TimelyDataflow / abomonation

A mortifying serialization library for Rust
MIT License
317 stars 30 forks source link

Is it okay to implement Abomonation for both T and &T? #27

Open HadrienG2 opened 4 years ago

HadrienG2 commented 4 years ago

From the point of view of abomonation's core semantics, there is nothing wrong with providing implementations of the Abomonation trait for both a type T and a reference to it &T. Basically, the implementation for &T works exactly like that of Box<T> in abomonation's current master branch.

Such implementations would be useful for high-level users of Abomonation, who stick with derives, encode, decode and measure, because they would allow safely auto-deriving Abomonation for more types. Something which, as a matter of fact, I ended up wanting for my project.

However, and that's the reason why I'm opening this issue before submitting my changes as a PR, there is also a significant ergonomic cost to doing so for any low-level user of Abomonation who calls into the trait directly.

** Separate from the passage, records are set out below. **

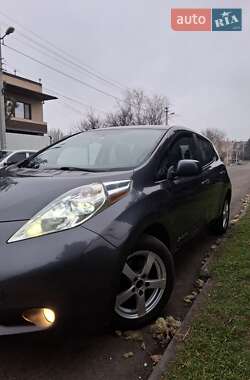 Хэтчбек Nissan Leaf 2013 в Запорожье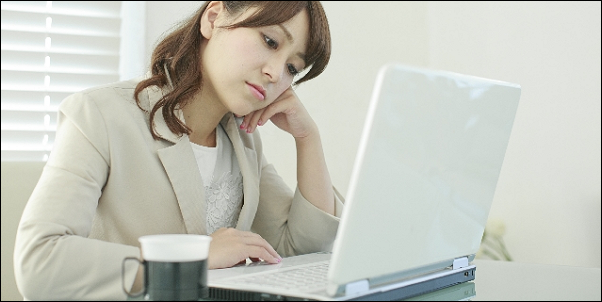 片肘をつくのはほうれい線の原因に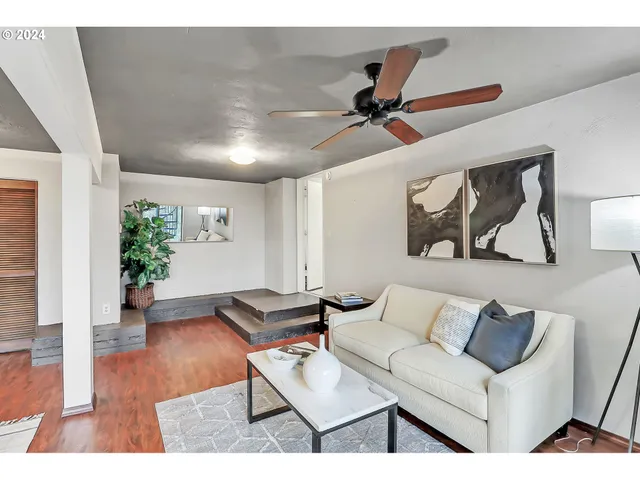 $495,000 | 2755 Warren Street, Eugene, OR 97405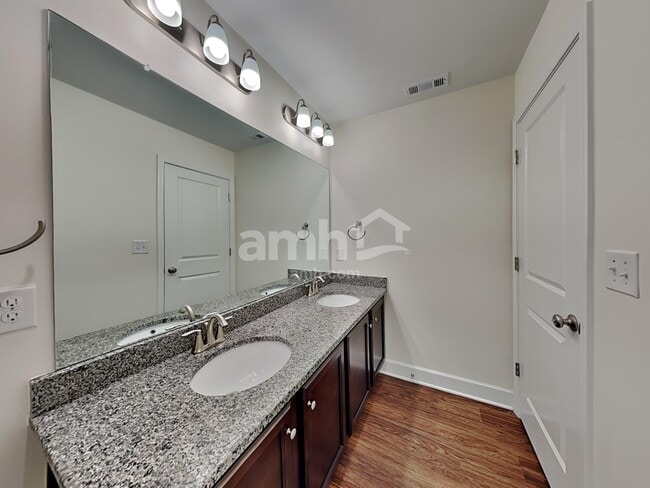 Building Photo - 5448 Lake Water Ct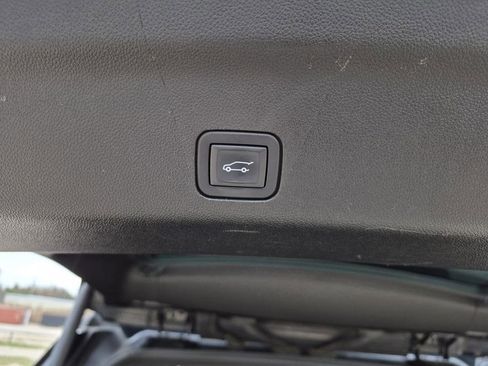 Used 2023 GMC Yukon Denali RWD image 11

If Abomonation is implemented for both T and &T, then anyone who uses the Abomonation trait directly instead of going through encode, decode and measure must be super-careful, because method call syntax of the x.extent() kind becomes a deadly trap that can very easily trigger the wrong Abomonation impl through auto-Deref magic.

Instead, one must get into the habit of only calling Abomonation trait method via U::extent(&x) syntax, or if type U is unknown go for the somewhat less safe compromise of Abomonation::extent(&x).

Is this a trade-off that we can tolerate for the sake of having more Abomonation impls?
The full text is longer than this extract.